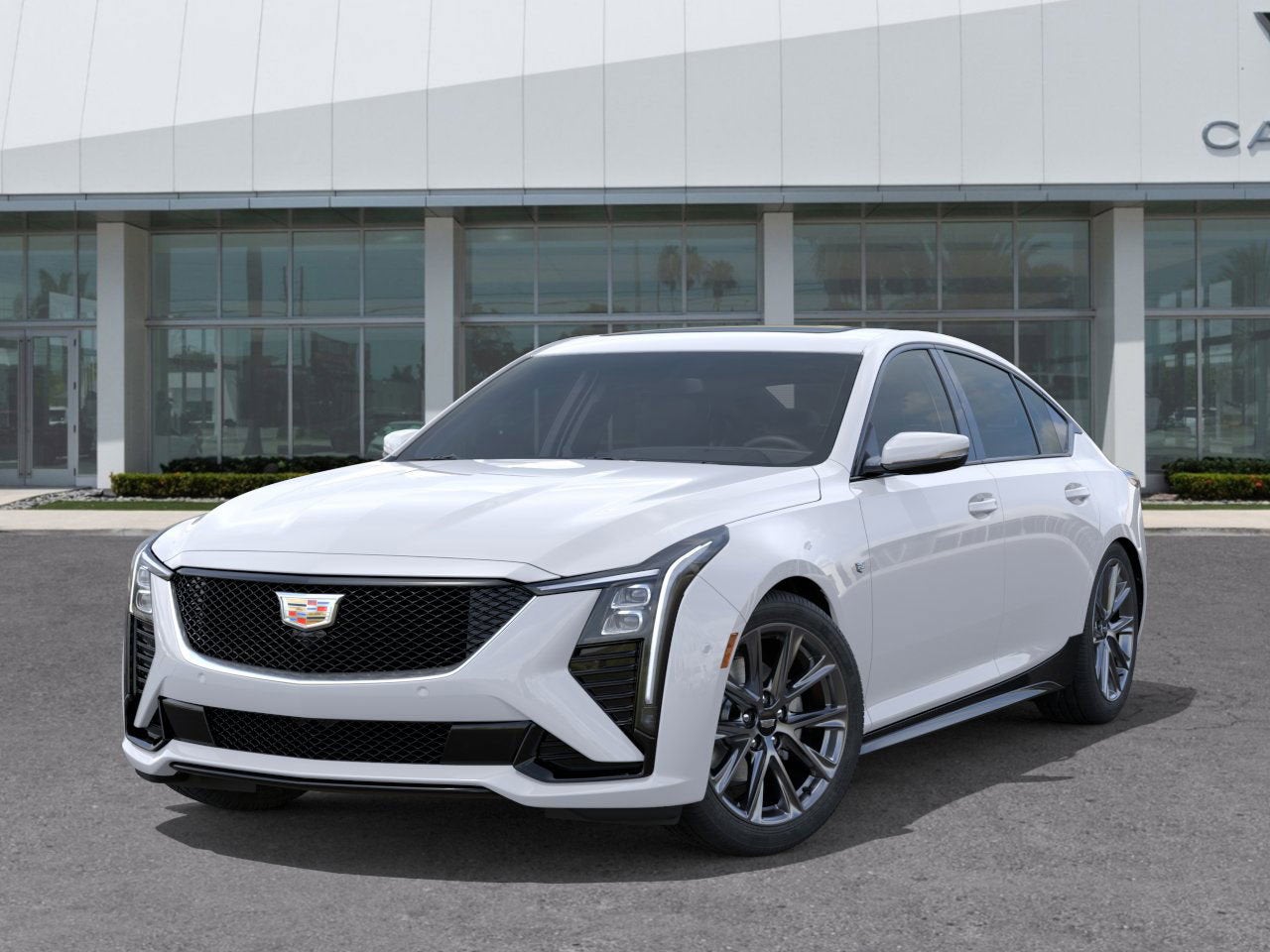 2026 Cadillac CT5 Sport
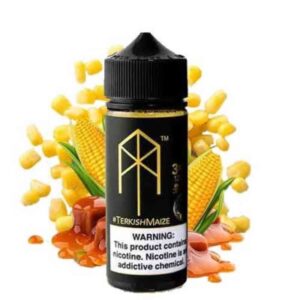 M Terk turkish Maize – 120ml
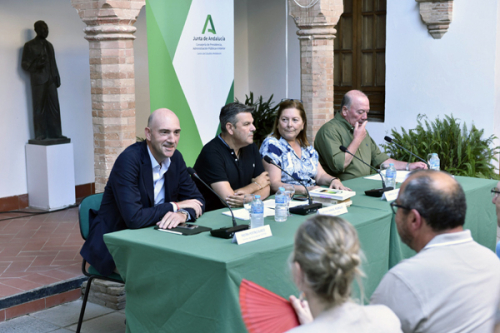 La Espiritualidad en el pensamiento y obra de Blas Infante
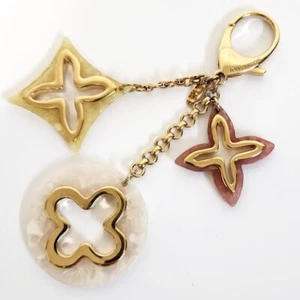 Louis Vuitton Ansolence Key Holder Porte-Clés Pre-Owned Excellent Condition - Picture 1 of 10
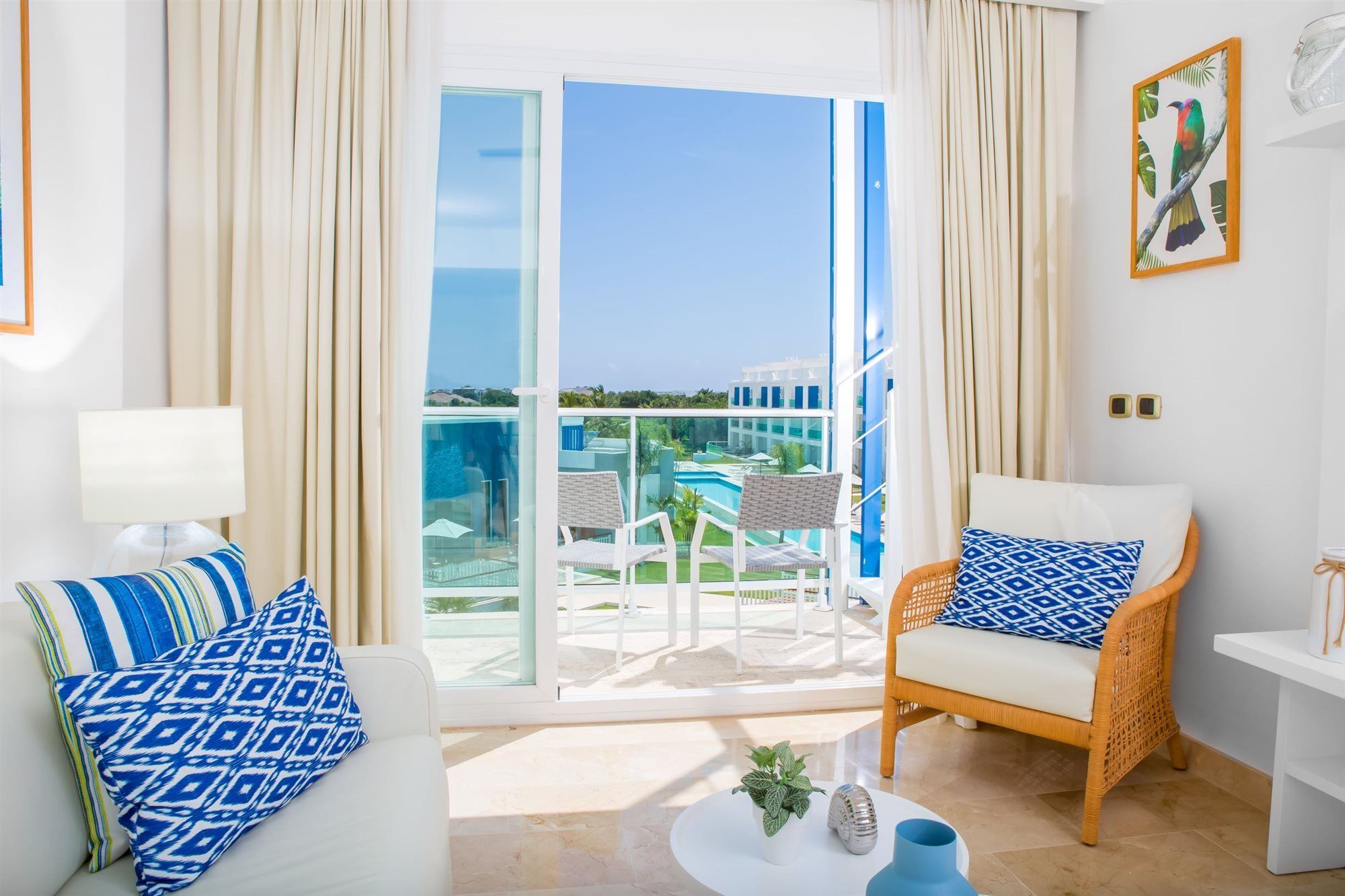 Coral House Suites Пунта-Кана Экстерьер фото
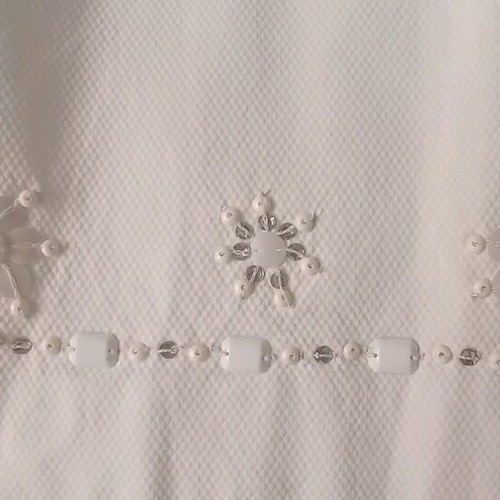 Ann Taylor Loft 6 white women's dress like new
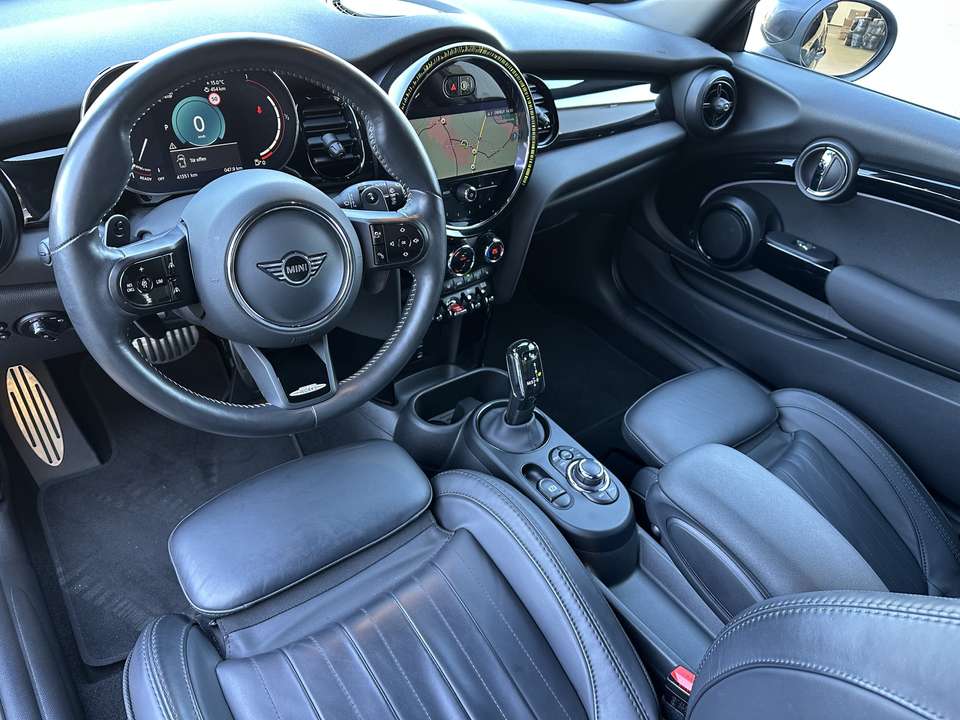 MINI John Cooper Works - Imagem 7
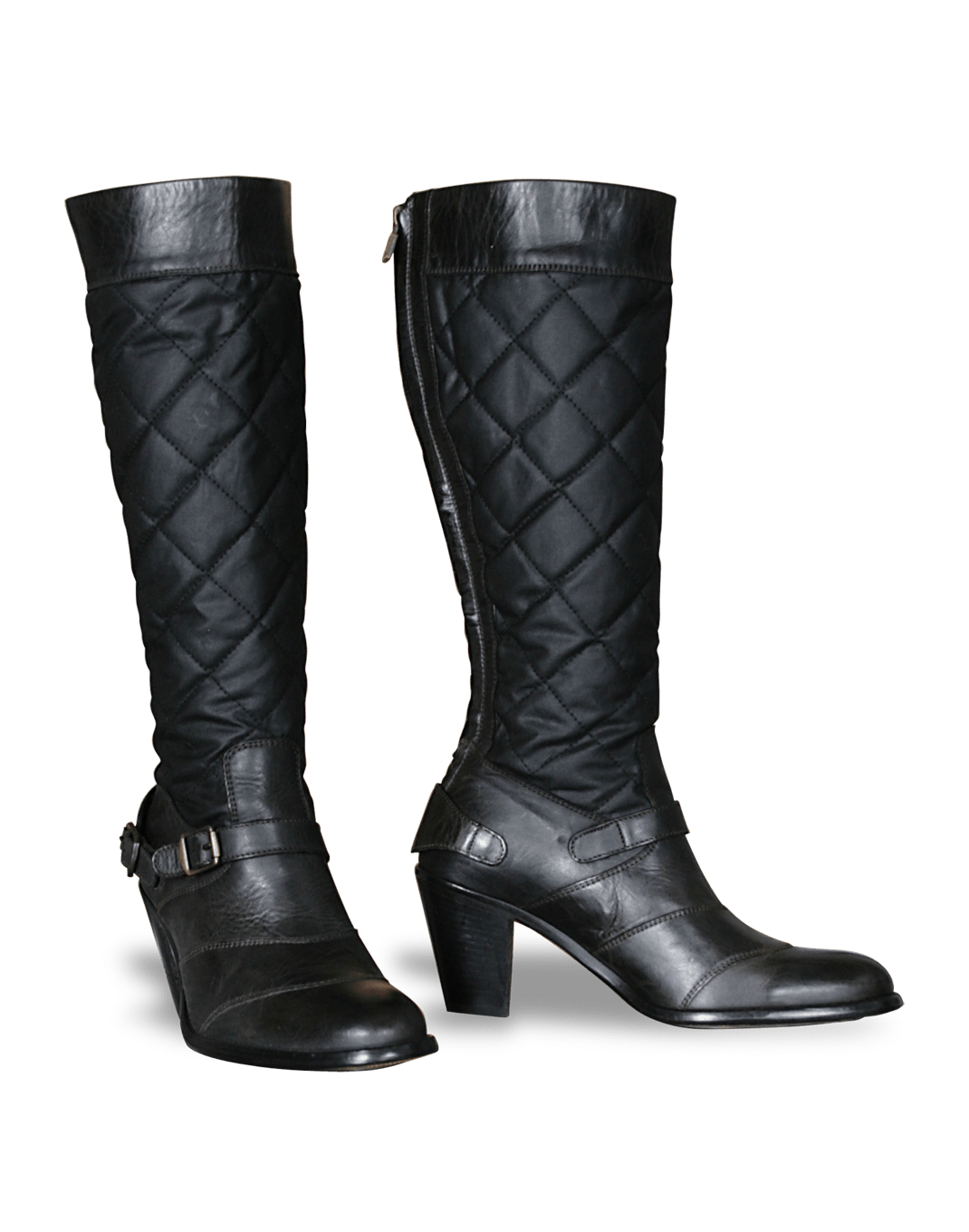 belstaff trialmaster boots black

**What is being asked**.
Please give an exact copy of the lines from the line containing "Ann Taylor Loft" through the end of the records above, pictures excluded.

**Reply**.
 Ann Taylor Loft 6 white women's dress like new
 MINI John Cooper Works - Imagem 7
 belstaff trialmaster boots black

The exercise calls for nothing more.